Supplied data section start

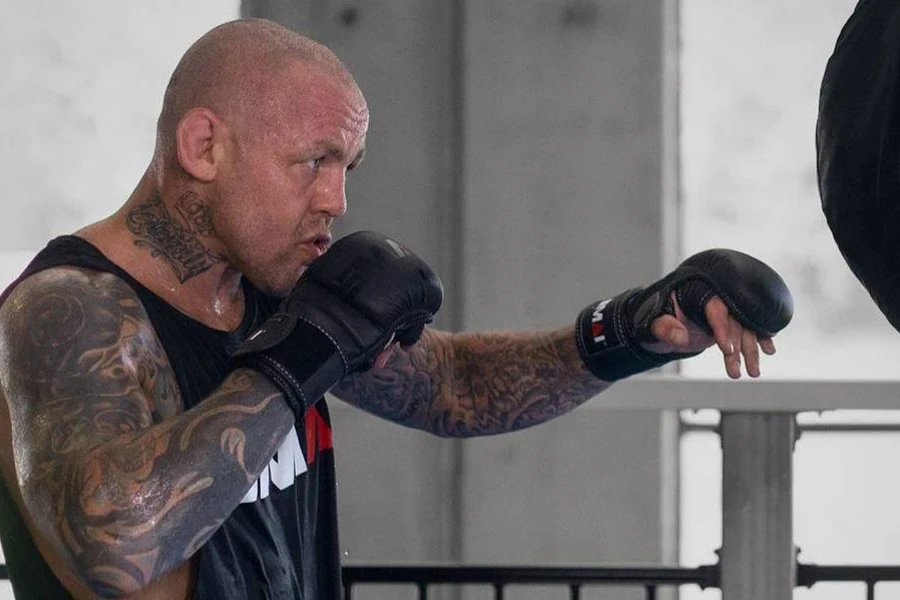 Man training with a pair of MMA gloves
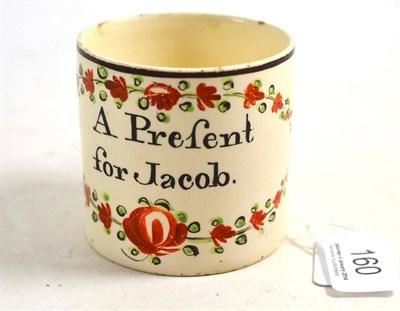 Lot 160 - A Leeds creamware mug inscribed ";A present for Jacob"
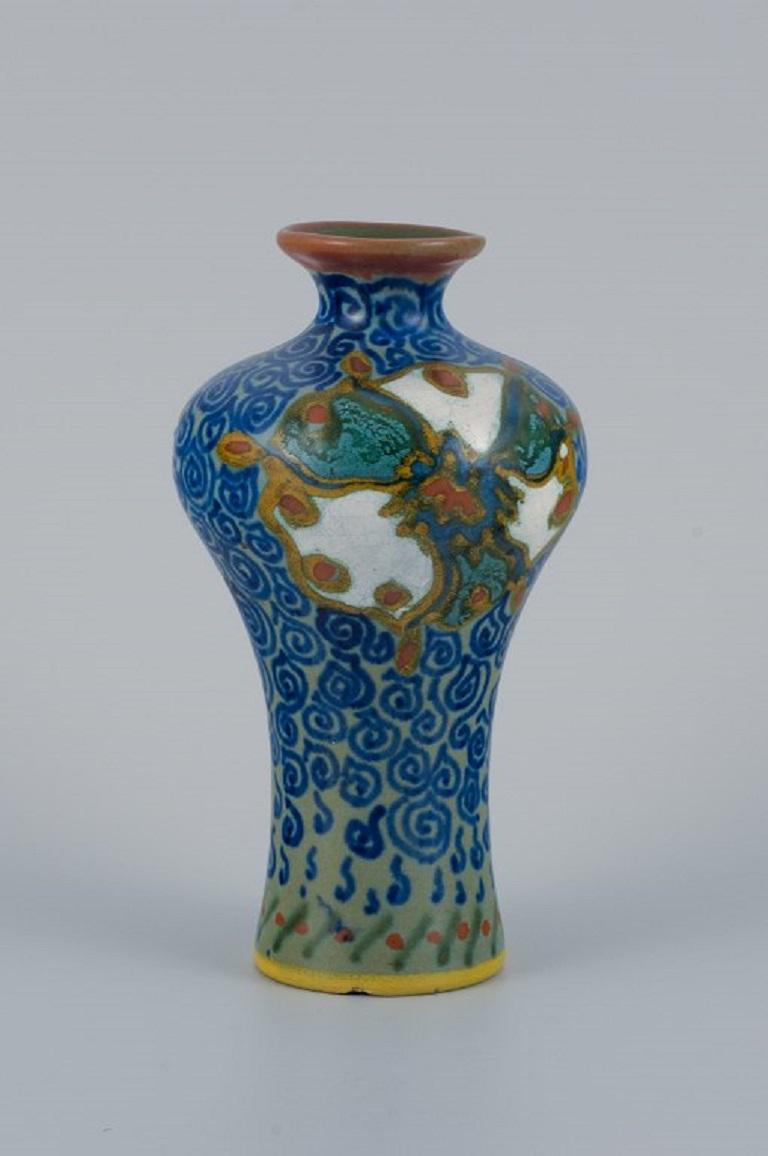 Gouda, Netherlands. Art Nouveau hand-decorated ceramic vase.
Approx. 1920s.
Marked
In good condition, small insignificant chip at the base of the vase.
Dimensions: H 14.5 x D 8.0 cm.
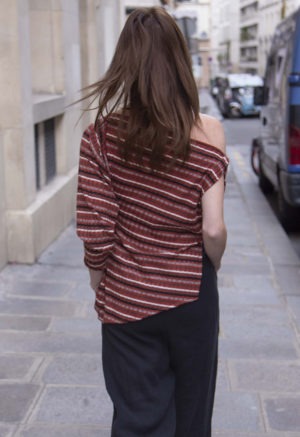 woman in red strip off the shoulder top and black pants walking on a street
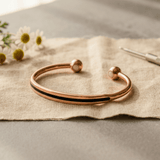 Polished copper cuff with ball-end detail
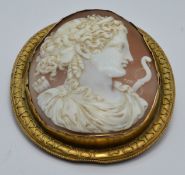 Victorian pinchbeck brooch set with a large cameo depicting Eros, 5.8 x 6.5cm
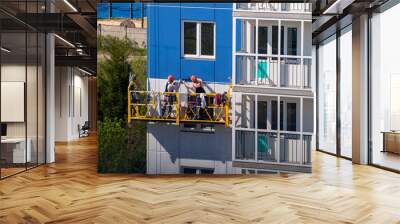 construction workers installers high-rise workers industrial climbers, painters on the lift paint the facade of the building, completion of construction of a residential building or office Wall mural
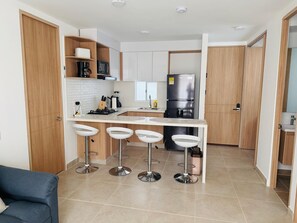 A modern kitchen with a central island, bar stools, and a refrigerator. - Cartagena  Serena del Mar 2 habitaciones, cerca de la playa (Cartagena de Indias)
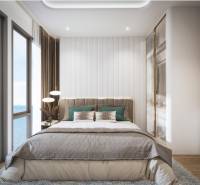 A bright bedroom with a large window and a sea view in a three-room apartment.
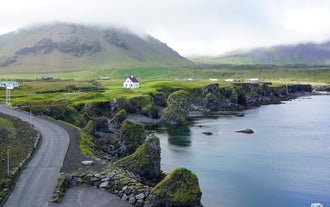 The Snaefellsnes peninsula's Arnarstapi village boasts a scenic cliffside.
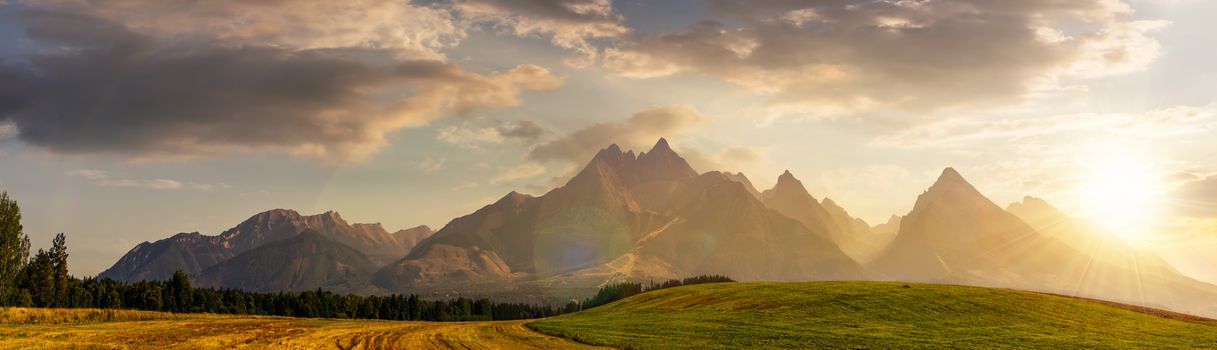 rural fields near Tatra Mountains in summer at sunset. beautiful panorama of agricultural area. gorgeous mountain ridge with high rocky peaks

Supplied data section end

What the exercise asks: An acceptable answer holds exactly the lines from the one with "Victorian pinchbeck brooch" through the end of the entries above, both ends kept, and no pictures at all.

Written response:
 Victorian pinchbeck brooch set with a large cameo depicting Eros, 5.8 x 6.5cm
 construction workers installers high-rise workers industrial climbers, painters on the lift paint the facade of the building, completion of construction of a residential building or office Wall mural
 A modern kitchen with a central island, bar stools, and a refrigerator. - Cartagena  Serena del Mar 2 habitaciones, cerca de la playa (Cartagena de Indias)
 A bright bedroom with a large window and a sea view in a three-room apartment.
 The Snaefellsnes peninsula's Arnarstapi village boasts a scenic cliffside.
 rural fields near Tatra Mountains in summer at sunset. beautiful panorama of agricultural area. gorgeous mountain ridge with high rocky peaks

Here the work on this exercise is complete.